Here’s what they are saying about America’s Terror Warriors in the UK’s arch-conservative Daily Telegraph:

Since the beginning of September alone, President Obama has authorised at least 25 targeted killings. The total since he came to office is more than 100. These have certainly killed some of the senior operatives of al-Qaeda and the Taliban. They have also killed dozens of people, including a large number of women and children, who were not involved in terrorism.
 
And yet there has been very little protest, certainly compared to the storm of international criticism that greeted the decision to hold suspected terrorists at Guantanamo – a policy that didn’t kill anyone, let alone any innocent women and children. The silence from human rights groups over the drone attacks is deafening. What has persuaded them that it is acceptable to kill people, including people who are not terrorists, but that it is inhumane to deprive them of a good night’s sleep?

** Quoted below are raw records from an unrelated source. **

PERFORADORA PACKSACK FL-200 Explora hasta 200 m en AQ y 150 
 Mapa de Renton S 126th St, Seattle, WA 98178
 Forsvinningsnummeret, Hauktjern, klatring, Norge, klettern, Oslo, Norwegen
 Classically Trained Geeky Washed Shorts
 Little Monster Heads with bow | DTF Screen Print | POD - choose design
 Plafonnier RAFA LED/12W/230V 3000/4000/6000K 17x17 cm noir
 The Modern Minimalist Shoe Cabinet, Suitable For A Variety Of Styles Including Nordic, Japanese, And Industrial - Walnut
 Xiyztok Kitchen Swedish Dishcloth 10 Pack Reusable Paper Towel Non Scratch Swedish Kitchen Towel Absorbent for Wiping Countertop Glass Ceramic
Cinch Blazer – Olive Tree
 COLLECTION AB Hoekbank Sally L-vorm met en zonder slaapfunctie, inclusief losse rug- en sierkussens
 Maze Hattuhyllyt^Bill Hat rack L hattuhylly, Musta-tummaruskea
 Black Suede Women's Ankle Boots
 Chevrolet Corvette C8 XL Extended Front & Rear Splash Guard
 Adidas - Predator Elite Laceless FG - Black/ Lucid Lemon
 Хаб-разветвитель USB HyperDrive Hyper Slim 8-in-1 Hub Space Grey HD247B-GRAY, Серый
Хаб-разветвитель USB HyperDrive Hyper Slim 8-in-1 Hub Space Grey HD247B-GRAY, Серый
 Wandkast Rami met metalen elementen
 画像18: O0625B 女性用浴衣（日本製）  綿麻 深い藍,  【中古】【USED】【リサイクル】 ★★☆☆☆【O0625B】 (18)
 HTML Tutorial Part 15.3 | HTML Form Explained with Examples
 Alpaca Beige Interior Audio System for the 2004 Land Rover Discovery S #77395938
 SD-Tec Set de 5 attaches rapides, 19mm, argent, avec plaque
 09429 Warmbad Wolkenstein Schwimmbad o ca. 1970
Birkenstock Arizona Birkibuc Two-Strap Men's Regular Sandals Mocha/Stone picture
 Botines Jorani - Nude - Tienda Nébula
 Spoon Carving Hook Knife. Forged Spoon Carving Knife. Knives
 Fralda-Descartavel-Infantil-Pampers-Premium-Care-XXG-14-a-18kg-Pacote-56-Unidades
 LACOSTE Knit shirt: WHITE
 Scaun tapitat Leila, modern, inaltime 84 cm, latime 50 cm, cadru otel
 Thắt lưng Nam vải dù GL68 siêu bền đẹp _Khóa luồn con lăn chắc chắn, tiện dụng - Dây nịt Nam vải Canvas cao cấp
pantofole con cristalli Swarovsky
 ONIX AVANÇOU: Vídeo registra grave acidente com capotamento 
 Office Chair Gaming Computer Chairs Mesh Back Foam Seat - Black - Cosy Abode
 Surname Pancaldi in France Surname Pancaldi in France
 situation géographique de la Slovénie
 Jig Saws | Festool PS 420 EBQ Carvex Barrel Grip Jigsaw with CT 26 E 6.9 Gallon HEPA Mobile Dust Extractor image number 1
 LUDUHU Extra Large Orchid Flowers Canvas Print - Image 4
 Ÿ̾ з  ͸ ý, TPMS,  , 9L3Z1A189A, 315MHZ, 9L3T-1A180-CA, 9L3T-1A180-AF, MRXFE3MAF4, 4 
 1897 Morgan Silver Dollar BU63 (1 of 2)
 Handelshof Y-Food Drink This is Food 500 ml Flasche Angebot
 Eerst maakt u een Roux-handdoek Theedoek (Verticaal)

… No one knows exactly how many innocents have died as a result of drone attacks, but the total almost certainly runs to three figures. It is not easy to square that with President Obama’s insistence that his administration is ‘living by our values’ — unless American values now include the endorsement of indiscriminate killing. The President has also stressed that America now complies with international law. Remarkably, he seems to be right: the consensus is that drone attacks are indeed legal. The UN produced a report on the topic at the end of May, which concluded that the best way forward is for an international conference of states to review the guidelines for setting targets ‘after a careful review of best practice’.

…The fact that targeted killing has been deemed ‘legal’ seems to have had the effect of making many people, including the President, think that it is morally justified. But that conclusion doesn’t follow. There are plenty of things that are legal, but which you would not be morally justified in doing — just as there are times when you are morally justified in doing things that are illegal.

Perhaps using drones to kill terrorists is a legitimate way of prosecuting the war against al- Qaeda and the Taliban. It may be that the women and children who get killed as a result don’t matter — although I would like to hear someone from the US government, or a human rights organisation, explain exactly why. But we — and the Americans — are deceiving ourselves if we think that something is OK just because international lawyers say it is.


Arthur Silber has written repeatedly, and with furious eloquence on this theme for many years. (See here, here, and here, among many others. And follow the links.) We direct to just two of his painfully apt pronouncements:

The law is not some Platonic Form plucked from the skies by the Pure in Heart. Laws are written by men, men who have particular interests, particular constituencies, particular donors, and particular friends. … Laws are the particular means by which the state implements and executes its vast powers. When an increasingly authoritarian state passes a certain critical point in its development, the law is no longer the protector of individual rights and individual liberty. The law becomes the weapon of the state itself — to protect, not you, but the state from threats to its own powers. We passed that critical point some decades ago. The law is the means by which the state corrals its subjects, keeps them under control, and forbids them from acting in ways that the overlords might perceive as threatening. In brief, today, in these glorious United States, the law is not your friend.

**

The law is not the only method by which the state controls us, and strips our national discussion of all meaning. There is another, less formal but no less constricting means, which is commonly identified by the phrase, "the rules." We must all follow "the rules." You cannot ever break "the rules." Be very, very clear on this point: the only way you can speak the truth on any subject of importance in this country today is BY BREAKING THE RULES.

That is what Andrew Meyer did in Florida. He broke the goddamned rules [by asking Senator John Kerry a question about impeaching George W. Bush for war crimes and stopping another war. For more, see this powerful series by Silber.] He did not do so in any way that merited his being arrested — but HE BROKE THE RULES. This cannot be permitted, not if our meaningless, pointless national discussion devoid of all substance is to continue in its meaningless, pointless way. Breaking the rules cannot be allowed if the lies are to continue. So he was arrested.

And he was charged with a third-degree felony for resisting arrest with violence and a second-degree misdemeanor for disturbing the peace — for asking the most urgent question of our time, the question that almost no one will ask. He was charged with resisting an arrest that should never have occurred — and with "disturbing the peace."

Friends, if this country — and if you individually — are to have any kind of human future at all, and by "human," I mean a life with any genuine meaning and joy, a life not fatally compromised by ongoing murder, torture, and brutality — you had better fucking disturb the peace every second of every day.


You couldn’t say it better, and I won’t even try.